Custodians must avoid certain aggressive investment strategies in UGMA and UTMA accounts. In particular, short sales, margin, and options strategies involving unlimited risk (short naked calls and covered puts) are forbidden in custodial accounts due to the risk involved.
When a person cannot manage their finances, a court-mandated guardian may be appointed to oversee that person’s assets. Typically involving mental incapacitation or an inability to manage money, guardianship accounts are opened by financial firms when proper court appointment documents are received. At that point, the account owner’s assets are placed into a guardianship account and can only be managed by the court-appointed guardian.
Similar to custodial accounts, guardianship accounts must avoid risky investment strategies involving short sales, margin, and options strategies with unlimited risk potential.
A trust account is created for the benefit of a specific beneficiary. Trusts are legal entities involving these three distinct parties with varying responsibilities:
The grantor is responsible for creating and funding the trust. The first step to creating a trust involves the grantor utilizing legal services to construct a trust agreement. The grantor specifies the objectives, management styles, and the trust’s beneficiary or beneficiaries in this agreement. Trust objectives vary widely, including funding a child’s college education, supporting an elderly family member, or managing assets on behalf of a charity.
The grantor also names trustees in the trust agreement, who manage the trust according to the instructions provided by the grantor. In particular, trustees manage assets by trading securities and performing general transactions (e.g., distributing funds to beneficiaries).
A trust is managed for the sole benefit of its beneficiary(ies), which could be a person, persons, or an organization. Beneficiaries don’t have any legitimate power over the trust, as the trustees are in control. However, the trustees serve the trust and its beneficiaries. The role of a beneficiary is minimal - they exist to receive the “benefits” of the trust (e.g., cash distributions, assets).
Relevant regulations require fiduciaries to follow these general standards in addition to prioritizing the client’s interests:
No excessive transactions
Fiduciaries should not place transactions that are excessive in size or frequency. This rule also correlates with FINRA’s quantitative suitability requirement, which will be covered in a future chapter.
High-risk strategies should generally be avoided
Fiduciary accounts should generally avoid placing account assets into high-risk or speculative strategies. As we covered above, this rule is true for any transaction placed in a custodial or guardianship account.

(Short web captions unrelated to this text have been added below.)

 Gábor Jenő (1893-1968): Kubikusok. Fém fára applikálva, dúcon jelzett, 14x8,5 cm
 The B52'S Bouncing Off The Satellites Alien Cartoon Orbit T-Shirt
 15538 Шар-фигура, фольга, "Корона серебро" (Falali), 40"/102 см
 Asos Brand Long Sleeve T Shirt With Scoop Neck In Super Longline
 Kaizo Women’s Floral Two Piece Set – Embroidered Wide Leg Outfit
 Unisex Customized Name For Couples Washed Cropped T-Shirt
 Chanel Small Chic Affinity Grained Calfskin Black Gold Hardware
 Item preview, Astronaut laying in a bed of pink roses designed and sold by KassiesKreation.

However, fiduciaries of discretionary accounts and trustees for trust accounts may be able to engage in riskier strategies.
If the account owner of a discretionary account maintains a high risk tolerance and can financially withstand losses, the financial professional may allocate funds towards speculative strategies. If the trust agreement explicitly states the trustees may engage in riskier strategies, the trustee(s) can follow suit.

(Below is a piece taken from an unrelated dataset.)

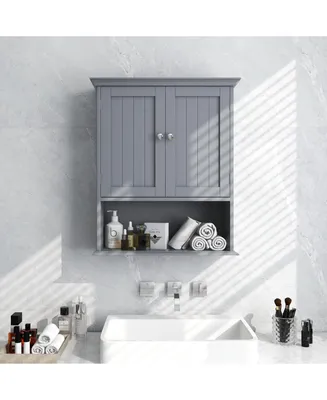 Wall Mount Bathroom Cabinet Storage Organizer with Doors and Shelves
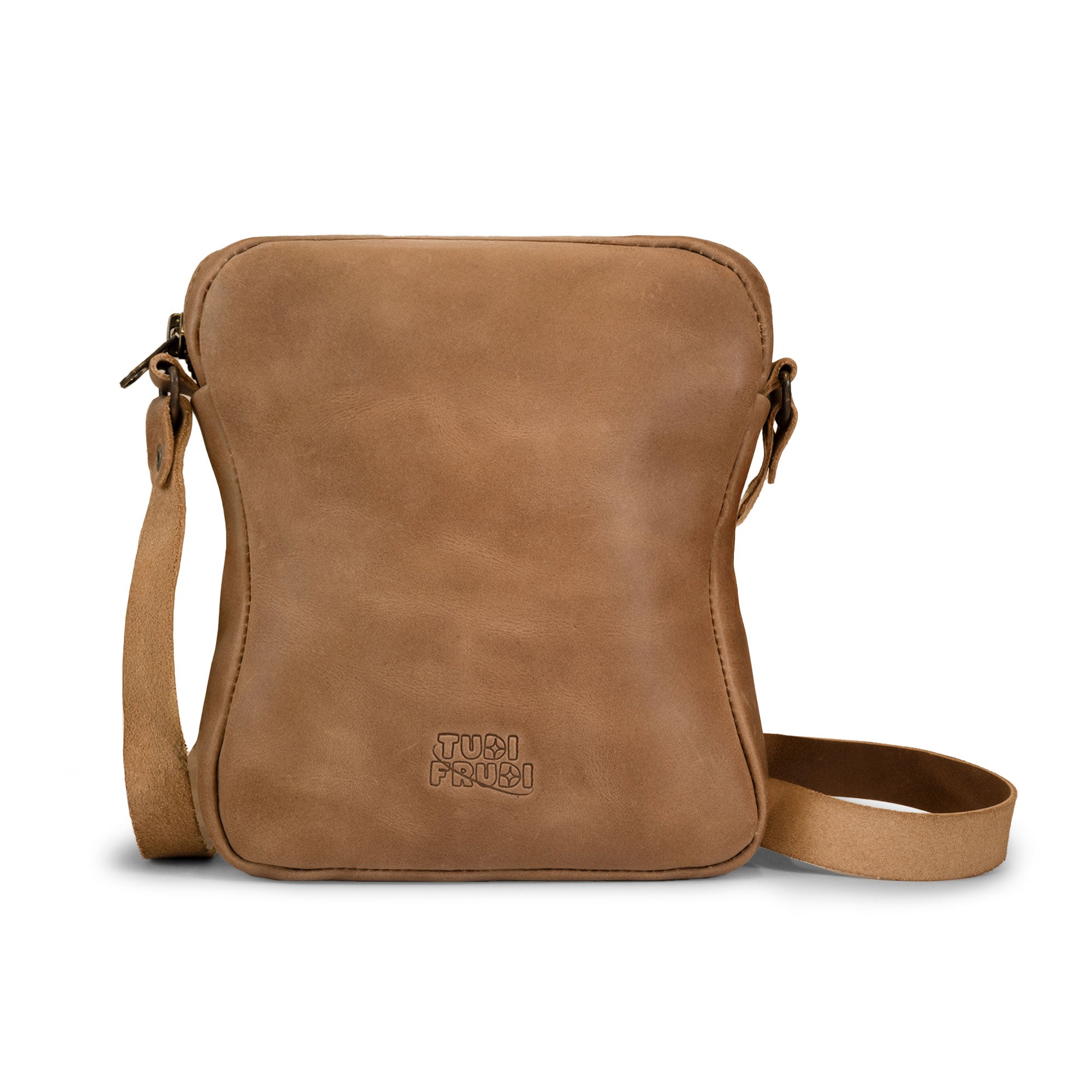 Stylish Egg and Bacon Sandwich-Shaped Shoulder Bag by Tudi Frudi, showcasing a unique design with an adjustable strap. Perfect as a Handbag, Crossbody Bag, or Messenger Bag, made from Full Grain Leather through Small Batch Production, Hand Cut, and Hand Sewn techniques. Artisan quality, Handmade in La Antigua Guatemala.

The account’s risk level should properly reflect the owner’s suitability
An appropriate amount of risk should be taken based on the account owner’s suitability profile. This goes both ways; it’s a problem if too much or not enough risk is assumed.
Supporting documentation is required before exercising authority
Most fiduciary accounts require some form of supporting documentation before authority is exercised. Discretionary accounts require written POA, guardianship accounts require court appointments, and trust accounts require trust agreements. The only exception is the custodial account, which does not require supporting documentation.